Têtes d’œufs et forts en thèmes, Amadou Ba et Makhtar Cissé sont aussi des fonctionnaires qui ont blanchi sous le harnais de l’administration sénégalaise, particulièrement de ses régies financières, dont ils maîtrisent tous les rouages. Plus grands pourvoyeurs de recettes de l’Etat en tant que directeurs généraux des Impôts et Domaines, et de la Douane jusqu’à leur nomination au gouvernement, ils ont aussi toujours été en contact avec le monde de l’économie réelle, celle-là même qui se développe en dehors de l’Etat et qui est le fait des entreprises, des commerces, des services, de l’agriculture etc. Ils connaissent les forces et les faiblesses de cette économie en même temps que, pour avoir toujours accompagné leurs prédécesseurs de ces dernières années aux réunions du FMI, de la Banque mondiale, aux assemblées de la BAD etc., ils maîtrisent aussi les rouages des institutions financières internationale, celles-là mêmes qui constituent les principaux bailleurs de notre pays. Bref, ces quinquagénaires sont outillés pour procéder à cette relance de l’économie nationale que tous les acteurs souhaitent de tous leurs vœux. Et ce à la suite du bon travail travail effectué pendant 18 mois par MM. Amadou Kane et Abdoulaye Daouda Diallo, pour ramener les clignotants de cette économie au vert. Avec à la clef une croissance de 3,5 % en 2012 qui devrait atteindre 4 % à la fin de cette année.

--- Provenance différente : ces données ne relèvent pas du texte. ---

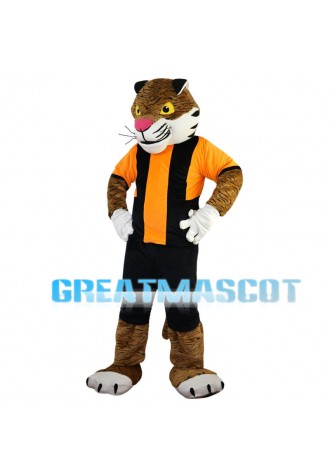 Friendly Tiger With Set Mascot Costume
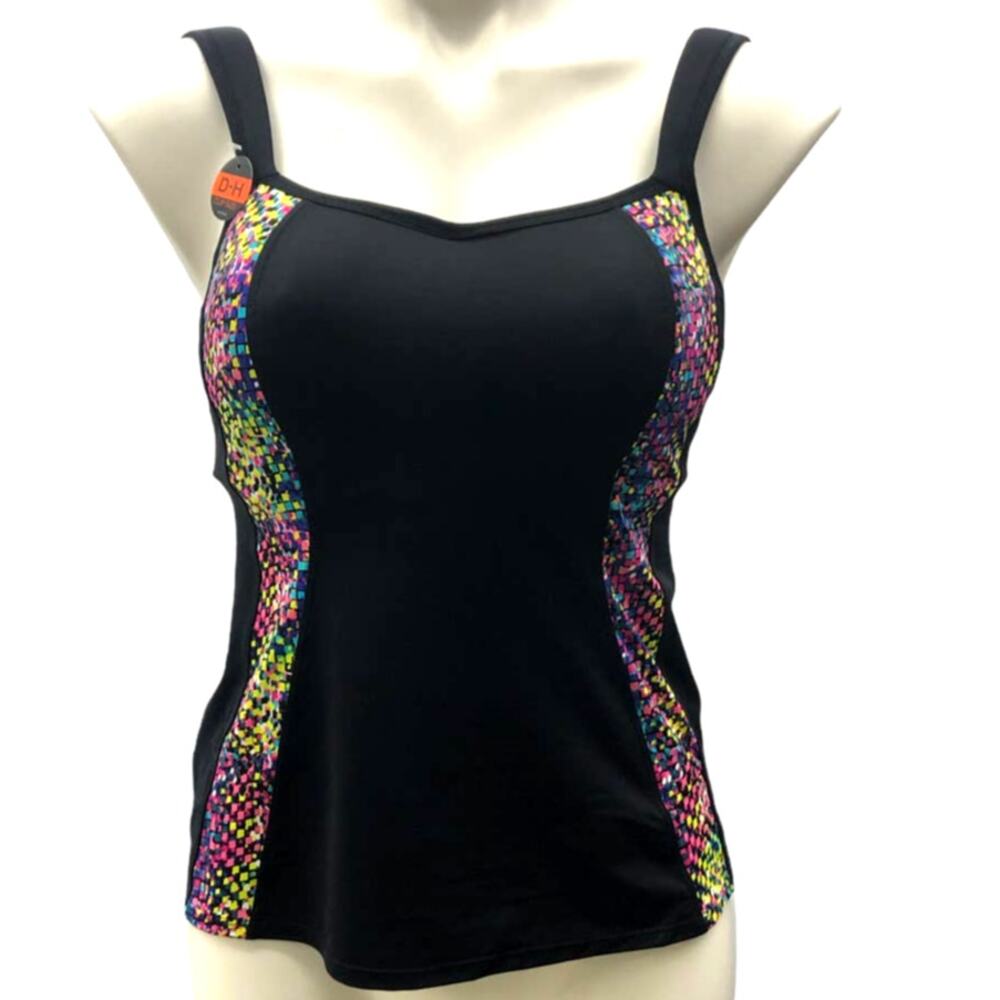 Panache Sport Tankini Swim Top Black 34D Multicolor Confetti Underwire NWT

A la suite du banquier commercial Amadou Kane dont certains disaient qu’il a une calculette à la place du cœur, ces deux hauts fonctionnaires à la fibre sociale incontestable, vont donc pouvoir introduire une pincée de douceur à la politique de rigueur mise en place durant ces 18 derniers mois. Surtout, tout le monde souhaite qu’ils s’engagent dans la voie du desserrement du carcan de la limitation du déficit budgétaire à 4 % du PIB souscrit par l’ex-chancelier de l’échiquier auprès des institutions de Bretton Woods. Un carcan qui faisait qu’aucune véritable relance de la machine économique n’était possible. Et qui s’est traduit aussi par la cessation d’activité de centaines de Pme-Pmi (plus de 375 officiellement mais ce chiffre n’englobe vraisemblablement que les entreprises formelles) qui ont mis la clef sous le paillasson, la commande publique en particulier ne nourrissant plus son homme du fait des multiples obstacles dressés sur le chemin de l’obtention des marchés de l’Etat. Et encore plus du véritable parcours du combattant qui leur est imposé pour percevoir leur règlement après avoir effectué leur prestation. A ce niveau, on espère qu’Amadou Bâ et Makhtar Cissé feront tout pour supprimer cette exigence inique de présentation d’un quitus fiscal faite aux entreprises ou aux opérateurs qui, après avoir livré leur marchandise ou effectué leur prestation, se voient imposer ce document dont l’obtention relève de la quadrature du cercle. Conséquence : la mort dans l’âme, des milliers de prestataires, après s’être endettés pour exécuter les commandes de l’Etat, sont contraints de renoncer à leur argent car ne voyant pas comment obtenir ce quitus fiscal ! Et là, c’est comme si l’Etat effectuait un hold-up légal à leur endroit car, après avoir consommé leurs produits ou utilisé leurs services, il leur demande un document impossible à produire dans les circonstances actuelles !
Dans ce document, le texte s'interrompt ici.